Imagine If Tiny Knit Sweaters Could Empower Women To Succeed

Khadija sits cross-legged on her living room floor, a cup of strong coffee at her side. She works quickly, stitches filling up the length of her knitting needles. She is pregnant with her third child, and she is making the sweetest little baby sweaters.

These sweaters aren’t for her baby, though. They’re for yours.

“When this project is over, I’m going home,” she says. “I’m going to have my baby with my mother.”

Khadija, a Syrian refugee living in Iraq, has a new motivation to grow her business. She imagines going home to her family in Syria when she gives birth to her third child—and come January, that’s exactly what she’ll do. She is so excited that she won’t have to walk through this time alone.

If you gave the gift of chickens or sheep from last year’s Gift Catalog, you might remember receiving a little crocheted ornament. Maybe you’ve already brought it out again and hung it on your tree this year.

That ornament was made by Khadija. Last year, we were able to help transform her knitting skills into income for her family—in the form of those beautiful little ornaments.

This year, we are partnering with her in a new way as she dusts off her business skills. Khadija is a hard worker, but she’s also good teacher and a natural manager. She can easily imagine how she can transform effort into profit.

In Syria before the war, Khadija worked from home, hand-embroidering garments for a local factory. There was more work than she could handle alone—and not enough workers as skilled as she was at needlework. So Khadija reached out to other women in her community, taught them to embroider, then hired them to work for her.

Khadija then moved to Libya, to try her hand at business there. Skilled in hair dying and threading, she opened her own salon. Local women, eager to learn the craft, paid Khadija to teach them. She chose the best of her students to work in her salon. Despite the startup expenses, Khadija quickly began to earn a good living. But less than six months into the venture, the bottom fell out.
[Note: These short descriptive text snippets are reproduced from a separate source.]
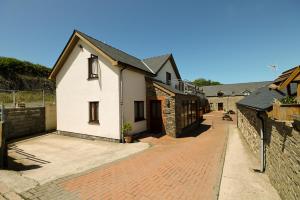 uma casa branca com um passeio de tijolos ao lado de um edifício em The Workshop em Aberystwyth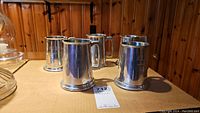 Five metallic pewter and stainless steel beer steins on a table, some with engraved names.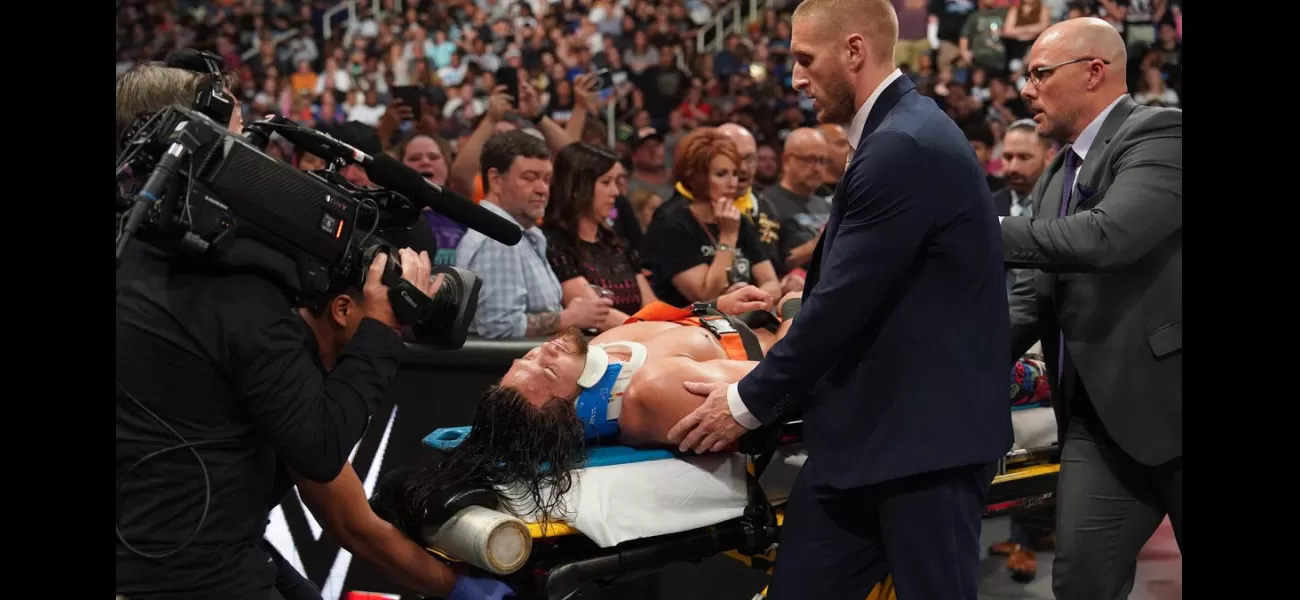 A WWE wrestler was taken out of the arena on a stretcher and placed in an ambulance after a intense match.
War broke out among the Libyan tribes, she was forced to flee back to Syria, and then on to Iraq.

When we began to discuss projects we could work on together for this year’s Gift Catalog, Khadija was ready to try something new. She wants to create work opportunities for other displaced women in her circle, as well as a business opportunity for herself. She said ‘yes’ to every hand-craft project we proposed. Then she formed an eight-woman co-op to fulfill orders. Khadija trains and supervises the women who make washcloths and crocheted ornaments, while Khadija knits the more complicated baby sweaters.

Each sweater represents so much more than a warm garment for one child, and the labor of one woman. In every sense, these classic sweaters are future-focused.

Every sweater purchased impacts the income of nine women, encourages Khadija to continue  flexing her business skills, and gives her the means to return home to Syria to have her baby.

Every sweater allows Khadija to invest the money she earns knitting them for your tiny loved ones, into providing her own new baby a love-soaked start in life.

Khadija has survived not one but three separate war zones in her lifetime. She dreams of home—and you can bring her and her unborn baby one step closer to that dream.